● **Exercise goal**
Locate the line that contains "Poisonous Tree Frog's Avatar" in the entries below, then repeat it and every following line through the line that contains "Photo of Others in North Admiral", exactly, and no others.

● **Stored data**
┌────────

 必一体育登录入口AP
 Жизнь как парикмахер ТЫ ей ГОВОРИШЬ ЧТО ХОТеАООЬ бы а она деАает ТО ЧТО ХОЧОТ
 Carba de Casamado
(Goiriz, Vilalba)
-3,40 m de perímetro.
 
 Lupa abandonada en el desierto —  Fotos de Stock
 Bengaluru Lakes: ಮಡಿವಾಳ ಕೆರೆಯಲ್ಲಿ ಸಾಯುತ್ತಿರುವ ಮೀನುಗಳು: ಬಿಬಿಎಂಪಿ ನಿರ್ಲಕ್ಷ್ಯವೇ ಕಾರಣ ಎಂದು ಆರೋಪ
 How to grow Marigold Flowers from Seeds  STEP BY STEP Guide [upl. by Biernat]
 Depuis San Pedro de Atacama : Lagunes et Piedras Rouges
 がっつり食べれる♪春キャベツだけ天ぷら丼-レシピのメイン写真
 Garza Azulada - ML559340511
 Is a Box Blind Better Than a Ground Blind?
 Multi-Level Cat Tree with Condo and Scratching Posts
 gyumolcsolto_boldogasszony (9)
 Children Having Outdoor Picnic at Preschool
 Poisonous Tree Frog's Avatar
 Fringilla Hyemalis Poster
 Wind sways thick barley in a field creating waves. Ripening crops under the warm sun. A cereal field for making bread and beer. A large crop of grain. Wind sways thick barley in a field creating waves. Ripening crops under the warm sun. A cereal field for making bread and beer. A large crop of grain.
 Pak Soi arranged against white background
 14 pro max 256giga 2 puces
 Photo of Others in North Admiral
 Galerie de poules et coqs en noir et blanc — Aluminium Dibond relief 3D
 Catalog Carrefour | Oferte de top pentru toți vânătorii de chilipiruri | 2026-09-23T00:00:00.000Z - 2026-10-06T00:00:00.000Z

└────────

● **Solution**
 Poisonous Tree Frog's Avatar
 Fringilla Hyemalis Poster
 Wind sways thick barley in a field creating waves. Ripening crops under the warm sun. A cereal field for making bread and beer. A large crop of grain. Wind sways thick barley in a field creating waves. Ripening crops under the warm sun. A cereal field for making bread and beer. A large crop of grain.
 Pak Soi arranged against white background
 14 pro max 256giga 2 puces
 Photo of Others in North Admiral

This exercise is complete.